Kita memang diajarkan untuk selalu berpikir positif. Namun, ada kalanya saat berpikir positif justru muncul perasaan negatif. Misalnya, ketika kita berdoa meminta panjang lebar tetapi masih muncul keraguan, maka itu menjadi tanda bahwa getaran pikiran masih lebih lemah daripada perasaan.
Ini bukan berarti kita meremehkan pikiran positif, justru bagaimana kita bisa menyelaraskan keduanya agar mempunyai daya ubah yang lebih besar. Jadi, ketika kita berpikir positif, maka pastikan perasaan kita juga ikut positif. Dengan begitu tidak ada lagi penolakan di dalamnya.

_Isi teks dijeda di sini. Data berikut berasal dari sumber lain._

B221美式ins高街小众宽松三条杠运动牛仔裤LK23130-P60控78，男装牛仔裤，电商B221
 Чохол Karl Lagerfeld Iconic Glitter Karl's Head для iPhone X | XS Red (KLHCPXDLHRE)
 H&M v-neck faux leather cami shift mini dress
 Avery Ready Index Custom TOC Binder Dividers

Pentingnya Mengelola Logika dan Perasaan
Menjaga keseimbangan emosi sering kali menjadi tantangan tersendiri. Rosyiid Gede Prabowo memberikan berbagai teknik sederhana namun efektif untuk mengelola emosi. Kita diajak untuk menggali lebih dalam tentang diri sendiri, termasuk kekuatan, kelemahan, serta pola pikir yang sering muncul.
Dengan memahami perasaan dan pikiran, kita dapat membuat keputusan yang lebih bijaksana dan sejalan dengan nilai-nilai kehidupan kita. Ada bab yang menarik perhatian saya, yaitu tentang impian. Kenapa saat impian diceritakan malah gagal?

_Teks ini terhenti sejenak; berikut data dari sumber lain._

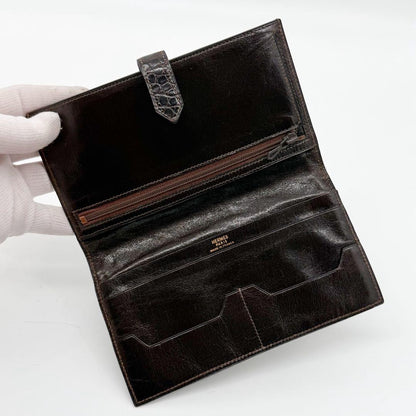Hermes Bearn Classic Croco Brown Vintage Wallet — view 6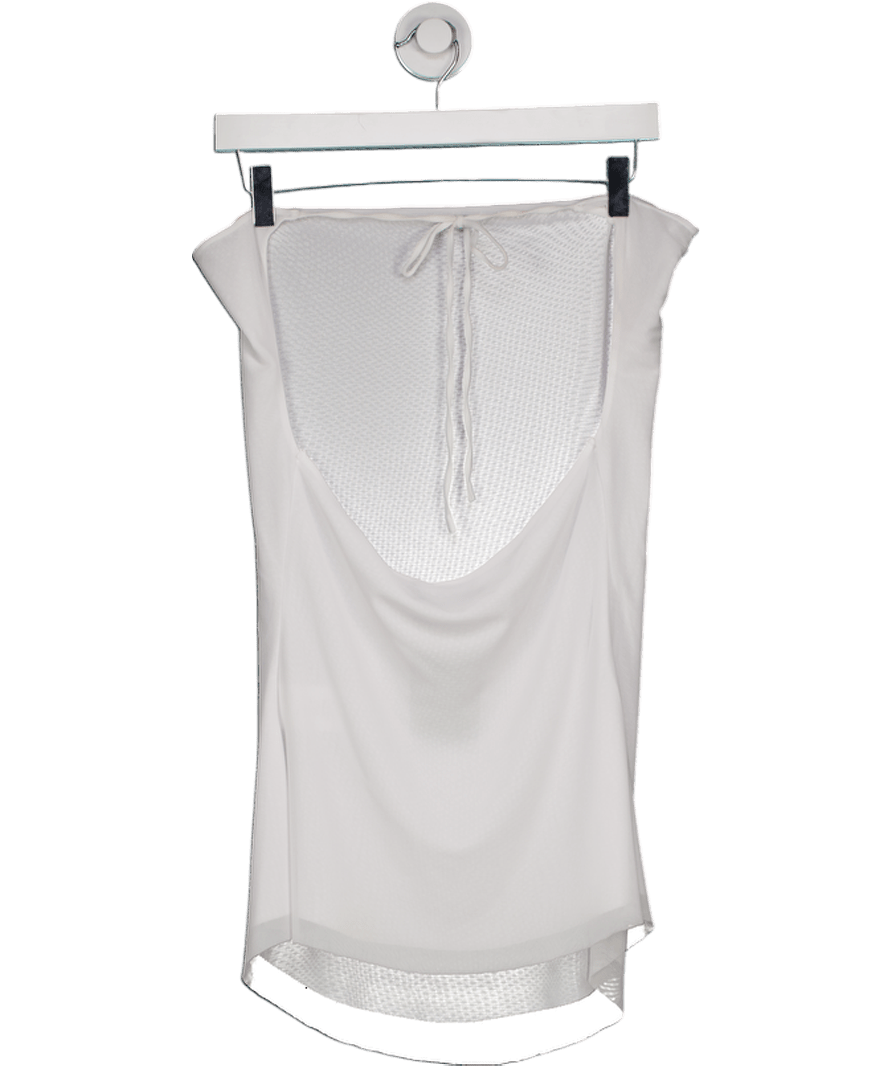 White Fox White Mesh Halter Neck Dress UK S - Reliked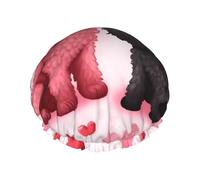 Cuffia da doccia a doppio strato per donne, riutilizzabile cuffia da bagno elastica da bagno rosa barboncini cani tappi per capelli impermeabili da donna spa salone doccia tappi per capelli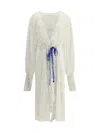 Ella Crocheted Design Long Jacket In White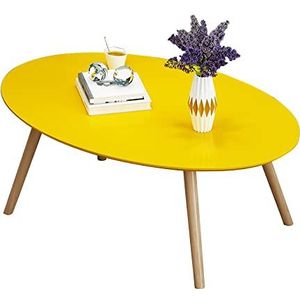 Prachtige salontafel, ovale eettafel, slaapkamer vrijetijdstafel/studeertafel, multifunctionele H40CM bankbijzettafel (kleur: geel, maat: 80x50cm)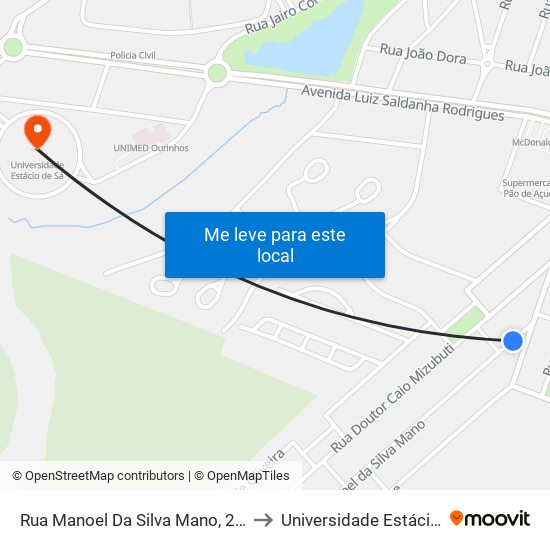 Rua Manoel Da Silva Mano, 2132-2244 to Universidade Estácio De Sá map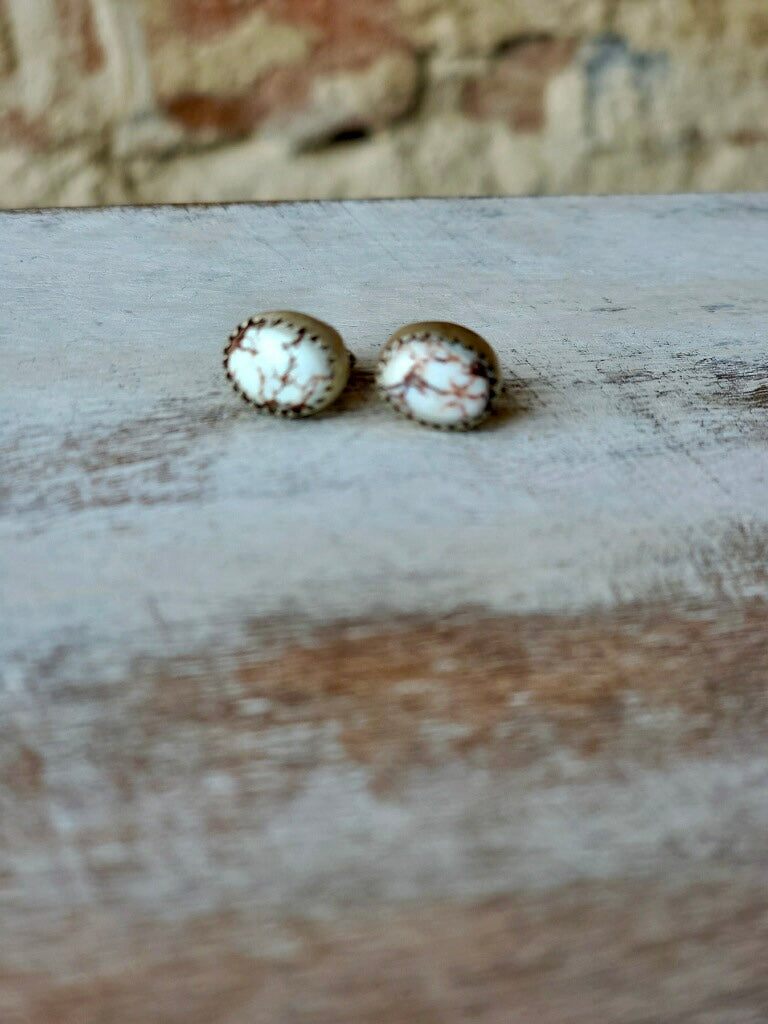 Authentic Wild Horse Earrings with Natural White and Brown Matrix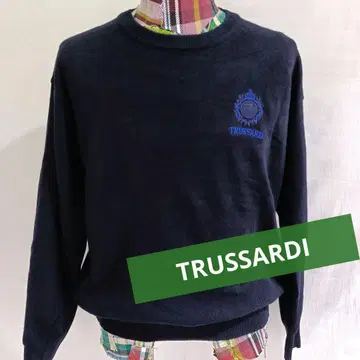TRUSSARDI 이탈리아제 스웨터 니트 골프 네이비 로고 자수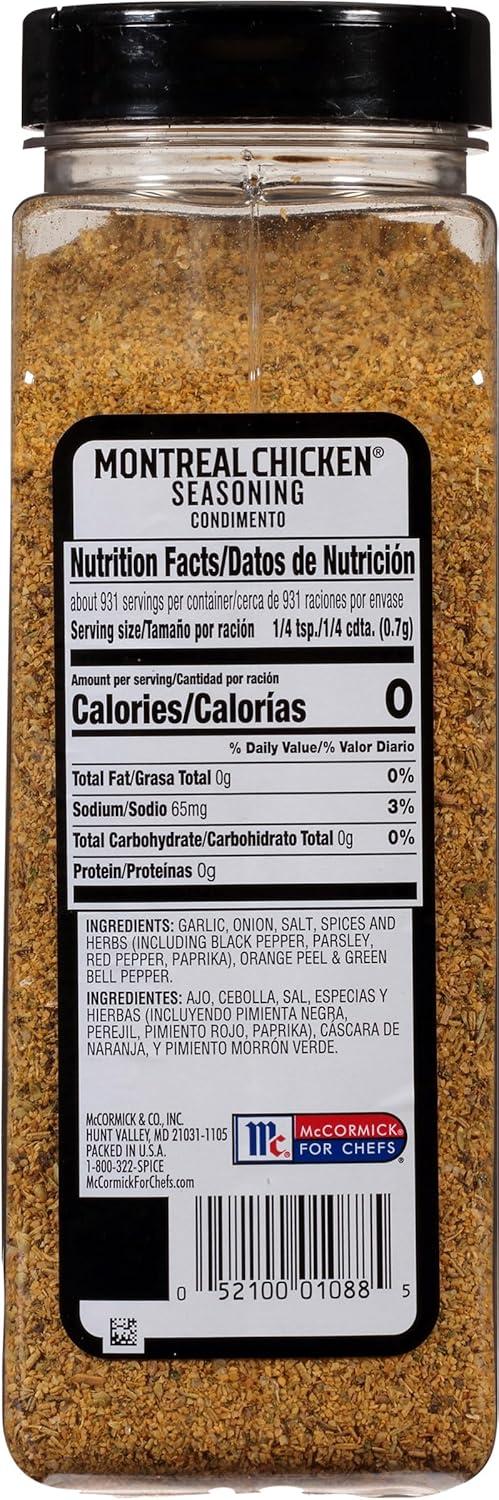 image:imageMcCormick Grill Mates Montreal Chicken Seasoning 23 oz One 23 Ounce Container of Montreal Chicken Seasoning with Blend of Garlic Onion Black and Red Pepper and Paprika for Meats and Seafood23 Ounce Pack of 1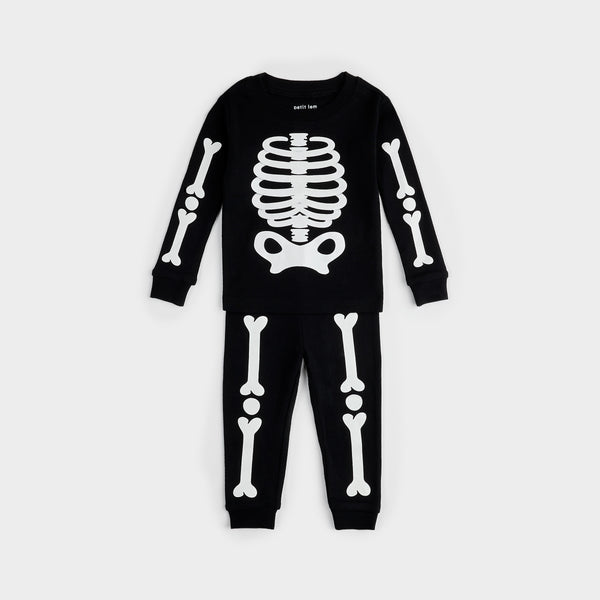 Petit Lem Girls Boys Infants Toddlers Kids Juniors Pajamas Sleepwear Nightwear Skeleton Halloween Glow In The Dark 100% Organic Cotton The Plaid Giraffe Children's Boutique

Pertama, saat kita menceritakan impian kita kepada orang lain, pikiran bawah sadar kita akan menganggap seolah-olah impian itu sudah tercapai. Maka secara tidak langsung kita merasa bangga dan puas, padahal impian tersebut belum terwujud. Karena sudah ada rasa puas, dorongan untuk mewujudkan mimpi itu menjadi menurun.
Kedua, ketika kita menceritakan impian kita kepada orang lain, mungkin saja orang tersebut tidak suka sama impian-impian kita. Bahkan, ada beberapa orang yang menganggap itu mustahil tercapai karena tidak sesuai dengan karakter kamu. Di titik ini terjadi "getaran" di mana kamu yang optimistis dengan getaran mereka yang pesimistis.